Glasgow City Council
The Council has a statutory obligation under Section 34 of the Roads (Scotland) Act 1984 to take such steps as it considers to be reasonable, to prevent snow and endangering the safe passage of pedestrians and vehicles over public roads.
Major refurbishment has been carried out to the Clyde Tunnel over the last few years and a major part of this was to replace and restore its cast iron frame that was heavily corroded caused to a great extent by salting over the years. Out of a total cost of £20m around £8m was attributable to corrosion.
Traditionally Glasgow City Council used dry rock salt to treat their highway network in order to keep their road system clear from frost formation, ice, and snow. A liquid de-icer (Glycol) was used to treat foot paths and bridge decks because of its powerful de-icing and anti-freezing ability.
When treating the highway 6mm rock salt was spread at a rate of 20gms per metre² for standard pre-cautionary salting, and 40gms per metre² for snow events. A fleet of 53 gritting vehicles were used to treat the 38 routes within 180 minutes.

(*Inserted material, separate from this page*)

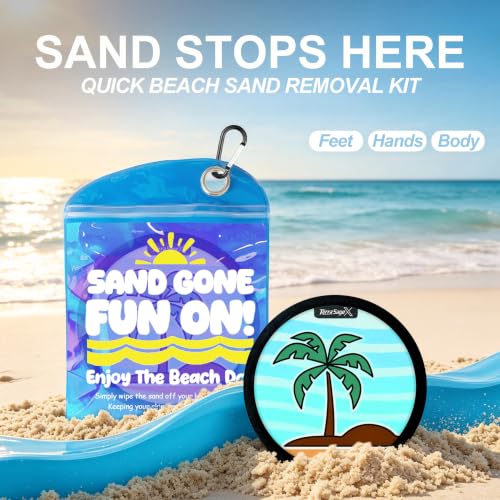 Sand Remover for Beach Towels - Soft Quick Clean Mitt for Kids & Adults | Removes Sand in Seconds,Gentle on Skin,Reusable & Washable,Beach Vacation Essential,Perfect for Beach, Pool & Camping - color: Coconut Tree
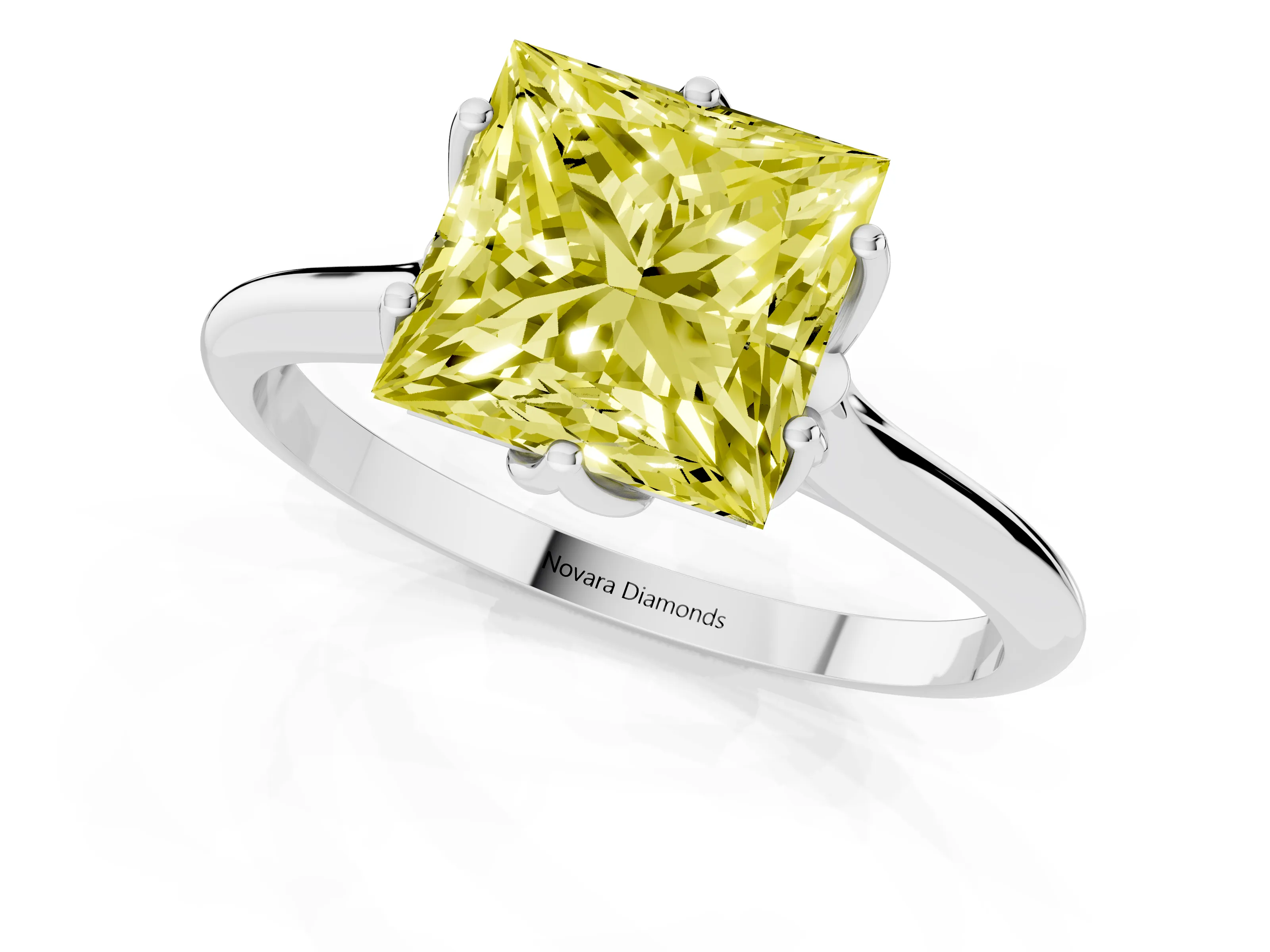 Fancy Yellow Princess Cut Diamond Solitaire Cathedral Ring Set in Silver with Prong Setting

It was becoming increasing apparent that the effects of de-icers used to treat the network caused not only a corrosion concern but also questions towards the impact to the environment. Regeneration projects have been in progress for a number of years now throughout Glasgow. Increasing concerns were raised when the refurbishment of the Clyde Tunnel took place and the cast iron pipes were found to be heavily corroded. Bridge decks over motorways and the rivers were also noticeably deteriorating at a significant rate due to the nature of corrosion.
Jim Knox (Winter Service Area Manager) at Glasgow City Council decided to investigate alternative materials to combat against the corrosion issues without any risk of jeopardising the service the authority provided. Jim was aware of Safecote having used Procoat salt which is a fast acting high purity marine salt coated with Safecote (a known corrosion inhibitor).
Procoat was being used at shopping centre locations as a premium fast acting de-icer and is ideal in contained areas, however is not economically viable to be used across vast areas.
Another option available on the market was pre-wetted salt, which consists of rock salt and salt brine mixed together upon application by the gritting vehicle. Although trialling this would have proved a worthless exercise as this method of de-icing is not only highly aggressive in terms of corrosion but also very costly to implement.
Safecote Information & Research
It was determined during researching Safecote that a number of other local authorities in the UK had been using it pre-treated to their standard rock salt and purchased directly from their salt supplier applied at 3% weight by weight and were spreading the salt reduced rates as low as 7gms per metre².
Safecote is an agricultural co-product, its main ingredient being molasses and is made to a stringent specification by Tate & Lyle in the UK. Known as a salt enhancer it has been used in the USA for 20 years and was introduced to the UK in 2002. As of winter 2009/2010 the number of Safecote users was in the region of 60 in the UK, the majority being local authorities.
Safecote enhances salt by giving a number key benefits, control distribution, longevity, corrosion inhibition, lower freezing point depression, greater resilience and is environmentally friendly.